Le Gouverneur devant ses bocaux...Et pendant cinq épisodes, cet article n’a failli jamais exister. Sauvage, âpre, un montage au couteau, un sens de l’espace renouvelé, une tension à couper le souffle… C’était la renaissance des morts-vivants. Jusqu’à ce que les vieux démons se réveillent et gâchent méchamment la fête. Concrètement – et maintenant il va y avoir des spoilers !!! – rater des personnages aussi emblématiques (surtout cinématographiques !) et importants que Michonne et le Gouverneur, cela relève du crime. L’actrice qui joue Michonne est aussi expressive qu’une huître, son aura et son mystère ne transparaissent à aucun moment et la série rate son rendez-vous avec tout une partie de la mythologie des BD. Mais encore une fois, c’est aussi un choix. Dommage seulement de se retrouver avec un personnage plat, qui n’apporte rien à l’univers. Le Gouverneur, ah ! le Gouverneur… Combien de lecteurs ont tremblé en lisant ses « méfaits ». Incarnation suprême de la déshumanisation du monde post-apocalyptique, c’est un tyran sadique et complexe, un personnage abject et fascinant, un méchant de première qualité. La série en fait un antagoniste de pacotille, un psychopathe mal écrit dont les motivations disparaissent dans un foutras de considérations pseudo-philosophiques. Alors peut-être nous réserve-t-on plus à l’avenir, mais cette entrée en matière est des plus bâclées. Que celui qui trouve le dernier épisode satisfaisant me fasse signe. Je ne demande pas un bain de sang systématique, mais là, une vidange s’impose. Le season finale est la définition du terme « anti-climax ». Des personnages sont laissés en plan on ne sait où, d’autres meurent, l’ensemble est étrangement brouillon…
- Fin des spoilers –

Alors faut-il brûler The Walking Dead ? Rarement une série aura été aussi énervante, dirais-je. C’est peut-être le fan de cinéma de genre qui parle. Partie sur des prémices enthousiasmantes, la série s’enlise dans les dialogues ineptes et se refuse à franchir le Rubicon pour devenir vraiment la série nihiliste qu’elle se doit (?) de devenir. Car le questionnement sur l’humanité, sa reconstruction ne marche pas quand les personnages se comportent comme le font ceux d’une série « normale ». Parfois, oui, ils commettent des choses horribles, certains incarnent plus que d’autres cette perte d’humanité (Merle, le Gouverneur) mais le tout demeure encore très bien-pensant. Il est vrai que la BD est allée très loin, très très loin. Il est impensable d’imaginer une série « grand public » se permettre de telles choses. Pourtant, c’est la croix que porte cette série, celle-ci et le fait d’être diffusée après une série plus courte et mille fois plus percutante sur le thème des survivants d’une apocalypse zombie : Dead Set. Série anglaise diffusée en 2008, elle a pour cadre un studio où est produite une émission du genre Big Brother pendant que les zombies envahissent le monde. En cinq épisodes, la série s’impose comme ce qu’il y a de plus réussi dans le genre post-28 jours plus tard. Ici, personne n’est à l’abri, les personnages sont rapidement présentés mais crédibles et très bien joués. On ne se refuse pas de l’humour (noir) et le sang coule à flots. Mais surtout, la fin est une catharsis immense, le finale vous laisse pantois, exsangue, vidé, émotionnellement en vrac.

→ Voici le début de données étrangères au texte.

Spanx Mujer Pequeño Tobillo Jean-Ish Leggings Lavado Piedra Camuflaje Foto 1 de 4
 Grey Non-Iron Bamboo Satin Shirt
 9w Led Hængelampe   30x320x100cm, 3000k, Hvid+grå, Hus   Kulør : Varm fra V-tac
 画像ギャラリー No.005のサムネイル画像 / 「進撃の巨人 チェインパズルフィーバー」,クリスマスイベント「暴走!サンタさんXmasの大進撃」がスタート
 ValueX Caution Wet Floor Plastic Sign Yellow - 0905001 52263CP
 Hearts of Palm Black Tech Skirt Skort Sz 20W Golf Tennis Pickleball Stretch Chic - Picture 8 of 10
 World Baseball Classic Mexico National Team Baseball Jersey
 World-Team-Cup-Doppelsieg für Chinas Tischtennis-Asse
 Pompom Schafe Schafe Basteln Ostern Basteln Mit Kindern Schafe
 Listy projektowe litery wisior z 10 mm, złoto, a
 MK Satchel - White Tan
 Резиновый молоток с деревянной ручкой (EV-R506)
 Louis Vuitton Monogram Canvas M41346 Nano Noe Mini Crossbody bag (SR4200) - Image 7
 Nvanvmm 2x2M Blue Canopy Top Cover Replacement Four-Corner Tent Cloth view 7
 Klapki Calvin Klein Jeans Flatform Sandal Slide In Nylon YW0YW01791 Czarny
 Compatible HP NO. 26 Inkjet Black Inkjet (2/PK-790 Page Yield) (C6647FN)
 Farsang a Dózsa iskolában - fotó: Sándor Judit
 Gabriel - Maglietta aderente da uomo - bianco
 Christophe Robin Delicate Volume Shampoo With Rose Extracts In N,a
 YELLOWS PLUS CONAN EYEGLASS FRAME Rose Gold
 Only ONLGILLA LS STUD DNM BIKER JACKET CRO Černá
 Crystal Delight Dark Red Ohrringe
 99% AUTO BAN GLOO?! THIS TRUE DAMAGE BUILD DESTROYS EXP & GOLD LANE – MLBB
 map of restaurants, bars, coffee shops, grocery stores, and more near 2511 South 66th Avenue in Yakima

Walking Dead 3 : fermez les grilles !La grande série sur les zombies à déjà eu lieu, donc. Reste à Walking Dead de redresser sa barre et de commencer à écrire des personnages forts, mémorables, de les nourrir de dialogues dignes d’un monde où l’amour de son prochain est devenu dangereux, voire interdit. Un monde où l’enfance même est redéfinie. Un monde où la mort est le quotidien le plus trivial, où le meurtre d’un innocent est monnaie courante car il n’y a plus d’innocents. Rendre crédible ce retournement des valeurs, cette nouvelle humanité, c’est le grand défi que la série devra relever si elle ne veut pas sombrer dans la plus profonde médiocrité.